0

I have a file that I want to convert into custom base (base 86 for example, with custom alphabet)

I have try to convert the file with hexlify and then into my custom base but it's too slow... 8 second for 60 Ko..

def HexToBase(Hexa, AlphabetList, OccurList, threshold=10):
    number = int(Hexa,16) #base 16 vers base 10
    alphabet = GetAlphabet(AlphabetList, OccurList, threshold)
    #GetAlphabet return a list of all chars that occurs more than threshold times

    b_nbr = len(alphabet) #get the base
    out = ''
    while number > 0:
        out = alphabet[(number % b_nbr)] + out
        number = number // b_nbr
    return out

file = open("File.jpg","rb")
binary_data = file.read()
HexToBase(binascii.hexlify(binary_data),['a','b'],[23,54])

So, could anyone help me to find the right solution ?
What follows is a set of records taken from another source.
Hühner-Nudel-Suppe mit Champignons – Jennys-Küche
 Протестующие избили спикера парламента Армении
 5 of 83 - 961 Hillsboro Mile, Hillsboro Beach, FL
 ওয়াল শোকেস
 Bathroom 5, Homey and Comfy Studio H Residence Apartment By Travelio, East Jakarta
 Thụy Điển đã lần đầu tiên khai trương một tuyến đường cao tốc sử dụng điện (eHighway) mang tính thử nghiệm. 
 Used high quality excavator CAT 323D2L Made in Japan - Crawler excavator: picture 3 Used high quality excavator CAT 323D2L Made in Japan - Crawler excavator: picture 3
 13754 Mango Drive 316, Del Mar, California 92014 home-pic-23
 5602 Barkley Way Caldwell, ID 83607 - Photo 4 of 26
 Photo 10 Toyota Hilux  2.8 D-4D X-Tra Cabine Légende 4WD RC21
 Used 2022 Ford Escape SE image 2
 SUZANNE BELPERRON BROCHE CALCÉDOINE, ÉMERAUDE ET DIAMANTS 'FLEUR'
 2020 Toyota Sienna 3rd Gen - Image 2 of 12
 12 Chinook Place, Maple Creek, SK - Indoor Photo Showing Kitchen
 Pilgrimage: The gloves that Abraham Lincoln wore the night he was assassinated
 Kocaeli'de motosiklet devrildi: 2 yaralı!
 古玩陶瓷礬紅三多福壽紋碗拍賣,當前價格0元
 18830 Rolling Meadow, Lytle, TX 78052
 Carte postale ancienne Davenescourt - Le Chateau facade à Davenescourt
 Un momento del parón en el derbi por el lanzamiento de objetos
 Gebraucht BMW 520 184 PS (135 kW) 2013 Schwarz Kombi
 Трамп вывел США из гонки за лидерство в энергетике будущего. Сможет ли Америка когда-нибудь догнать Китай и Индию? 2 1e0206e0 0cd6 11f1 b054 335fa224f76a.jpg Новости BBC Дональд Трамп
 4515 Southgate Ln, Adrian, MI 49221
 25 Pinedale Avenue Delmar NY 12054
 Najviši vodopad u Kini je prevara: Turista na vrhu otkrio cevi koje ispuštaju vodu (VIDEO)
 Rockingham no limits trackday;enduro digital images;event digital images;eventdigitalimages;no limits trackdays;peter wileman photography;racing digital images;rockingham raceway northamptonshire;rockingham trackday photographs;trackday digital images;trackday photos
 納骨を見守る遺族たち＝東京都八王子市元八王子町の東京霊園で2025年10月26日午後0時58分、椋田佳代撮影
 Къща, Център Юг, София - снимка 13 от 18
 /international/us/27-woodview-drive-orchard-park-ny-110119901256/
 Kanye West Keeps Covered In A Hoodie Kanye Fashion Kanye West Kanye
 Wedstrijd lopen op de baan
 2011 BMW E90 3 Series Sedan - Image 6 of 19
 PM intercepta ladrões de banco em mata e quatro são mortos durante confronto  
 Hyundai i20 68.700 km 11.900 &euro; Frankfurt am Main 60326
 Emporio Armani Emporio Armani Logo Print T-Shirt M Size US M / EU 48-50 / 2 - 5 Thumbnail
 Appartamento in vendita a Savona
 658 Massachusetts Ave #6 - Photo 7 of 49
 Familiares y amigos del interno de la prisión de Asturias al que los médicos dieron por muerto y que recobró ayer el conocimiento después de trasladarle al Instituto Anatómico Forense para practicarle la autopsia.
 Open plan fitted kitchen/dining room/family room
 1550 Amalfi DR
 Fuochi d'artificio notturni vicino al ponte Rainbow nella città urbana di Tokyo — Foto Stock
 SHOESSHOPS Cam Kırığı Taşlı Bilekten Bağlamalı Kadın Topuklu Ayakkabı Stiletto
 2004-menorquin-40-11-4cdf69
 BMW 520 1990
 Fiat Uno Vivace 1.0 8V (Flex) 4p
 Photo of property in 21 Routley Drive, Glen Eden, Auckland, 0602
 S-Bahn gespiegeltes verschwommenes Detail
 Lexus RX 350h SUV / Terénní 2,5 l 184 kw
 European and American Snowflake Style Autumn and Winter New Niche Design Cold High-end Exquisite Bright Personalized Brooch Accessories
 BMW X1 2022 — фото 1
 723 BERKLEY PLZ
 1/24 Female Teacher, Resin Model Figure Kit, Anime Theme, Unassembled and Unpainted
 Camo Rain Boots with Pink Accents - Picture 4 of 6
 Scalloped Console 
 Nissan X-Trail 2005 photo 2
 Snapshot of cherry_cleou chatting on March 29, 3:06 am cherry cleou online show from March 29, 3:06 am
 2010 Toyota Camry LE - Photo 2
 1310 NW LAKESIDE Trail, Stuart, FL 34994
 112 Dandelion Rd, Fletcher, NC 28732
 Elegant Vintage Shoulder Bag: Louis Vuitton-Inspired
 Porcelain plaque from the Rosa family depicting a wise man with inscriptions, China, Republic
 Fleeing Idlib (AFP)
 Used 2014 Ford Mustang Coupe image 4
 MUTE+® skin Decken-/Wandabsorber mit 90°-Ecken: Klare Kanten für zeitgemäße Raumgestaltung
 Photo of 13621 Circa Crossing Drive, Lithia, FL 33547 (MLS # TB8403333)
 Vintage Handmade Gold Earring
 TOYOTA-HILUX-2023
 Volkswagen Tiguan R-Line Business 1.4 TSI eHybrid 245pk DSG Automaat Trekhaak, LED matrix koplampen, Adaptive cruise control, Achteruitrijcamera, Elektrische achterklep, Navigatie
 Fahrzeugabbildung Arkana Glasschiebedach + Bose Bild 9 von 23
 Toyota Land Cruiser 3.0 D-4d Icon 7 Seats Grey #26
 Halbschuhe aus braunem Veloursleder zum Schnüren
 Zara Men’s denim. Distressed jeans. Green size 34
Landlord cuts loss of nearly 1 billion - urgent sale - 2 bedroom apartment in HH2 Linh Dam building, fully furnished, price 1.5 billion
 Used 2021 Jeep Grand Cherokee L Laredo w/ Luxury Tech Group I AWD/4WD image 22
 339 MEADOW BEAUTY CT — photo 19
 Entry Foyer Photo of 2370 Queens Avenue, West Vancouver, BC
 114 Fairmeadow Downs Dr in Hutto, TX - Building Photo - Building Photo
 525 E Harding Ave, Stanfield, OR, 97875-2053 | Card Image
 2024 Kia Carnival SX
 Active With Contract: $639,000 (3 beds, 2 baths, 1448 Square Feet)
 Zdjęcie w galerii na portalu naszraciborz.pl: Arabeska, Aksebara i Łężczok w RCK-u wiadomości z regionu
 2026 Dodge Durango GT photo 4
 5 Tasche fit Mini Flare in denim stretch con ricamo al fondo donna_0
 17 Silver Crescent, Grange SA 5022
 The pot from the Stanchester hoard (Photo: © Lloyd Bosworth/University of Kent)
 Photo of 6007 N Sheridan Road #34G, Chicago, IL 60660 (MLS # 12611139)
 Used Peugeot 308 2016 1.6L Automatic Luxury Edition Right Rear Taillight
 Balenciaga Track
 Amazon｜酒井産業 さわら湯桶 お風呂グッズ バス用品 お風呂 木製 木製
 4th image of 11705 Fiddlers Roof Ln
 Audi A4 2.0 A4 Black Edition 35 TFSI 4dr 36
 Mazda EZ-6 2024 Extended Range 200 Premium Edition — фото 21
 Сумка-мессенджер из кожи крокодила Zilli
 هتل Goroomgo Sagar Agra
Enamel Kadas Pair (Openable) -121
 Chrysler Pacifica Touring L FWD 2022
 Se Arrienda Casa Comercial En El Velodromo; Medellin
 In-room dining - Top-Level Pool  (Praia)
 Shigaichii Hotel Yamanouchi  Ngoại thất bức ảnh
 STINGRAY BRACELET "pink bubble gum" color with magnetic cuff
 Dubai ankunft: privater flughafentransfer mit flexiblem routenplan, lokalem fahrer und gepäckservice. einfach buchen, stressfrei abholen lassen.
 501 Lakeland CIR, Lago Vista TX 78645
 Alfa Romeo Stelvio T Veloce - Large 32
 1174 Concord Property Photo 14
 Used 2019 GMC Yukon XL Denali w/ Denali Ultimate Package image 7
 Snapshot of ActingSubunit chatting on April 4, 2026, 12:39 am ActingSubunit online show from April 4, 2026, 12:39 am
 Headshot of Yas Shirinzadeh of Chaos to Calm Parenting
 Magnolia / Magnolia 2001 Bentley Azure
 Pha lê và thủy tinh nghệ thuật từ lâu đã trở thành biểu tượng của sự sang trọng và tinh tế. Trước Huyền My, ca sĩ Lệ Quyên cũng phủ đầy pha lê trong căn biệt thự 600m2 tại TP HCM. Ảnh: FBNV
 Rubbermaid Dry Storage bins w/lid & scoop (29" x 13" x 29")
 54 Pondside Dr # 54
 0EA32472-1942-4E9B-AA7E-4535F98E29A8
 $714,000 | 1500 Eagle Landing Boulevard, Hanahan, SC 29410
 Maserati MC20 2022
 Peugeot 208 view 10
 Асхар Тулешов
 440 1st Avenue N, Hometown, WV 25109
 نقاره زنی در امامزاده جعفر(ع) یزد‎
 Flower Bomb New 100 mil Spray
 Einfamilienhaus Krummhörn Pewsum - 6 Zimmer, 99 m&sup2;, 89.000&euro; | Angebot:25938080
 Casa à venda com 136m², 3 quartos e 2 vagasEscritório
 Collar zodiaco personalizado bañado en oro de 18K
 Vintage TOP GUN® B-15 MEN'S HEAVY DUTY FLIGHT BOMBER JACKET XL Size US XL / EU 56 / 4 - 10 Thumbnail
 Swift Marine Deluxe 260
Sorry for my poor English I'm French, and Thank's for your help !

Mathix420
  • 872
  • 11
  • 21
  • When you say _"from binary to custom base"_ you mean convert each byte in the source file to an arbitrary base, or taking into the account the whole file value into an arbitrary base (and if so what's the byte order, i.e. big endian, little endian, custom encoding...)? – zwer May 16 '18 at 10:05
  • If you do not show your current code, and the problems it has, we cannot help you to improve it... – Serge Ballesta May 16 '18 at 10:13
  • I want the same output as hexlify, so i think taking into the account the whole file value into an arbitrary base. – Mathix420 May 16 '18 at 10:15
  • Byte order is normally Little endian – Mathix420 May 16 '18 at 10:28

1 Answers1

2

First you can replace:

int(binascii.hexlify(binary_data), 16) # timeit: 14.349809918712538

By:

int.from_bytes(binary_data, byteorder='little') # timeit: 3.3330371951720164

Second you can use the divmod function to speed up the loop:

out = ""
while number > 0:
    number, m = divmod(number, b_nbr)
    out = alphabet[m] + out

# timeit: 3.8345545611298126 vs 7.472579440019706

For divmod vs %, // comparison and large numbers, see Is divmod() faster than using the % and // operators?.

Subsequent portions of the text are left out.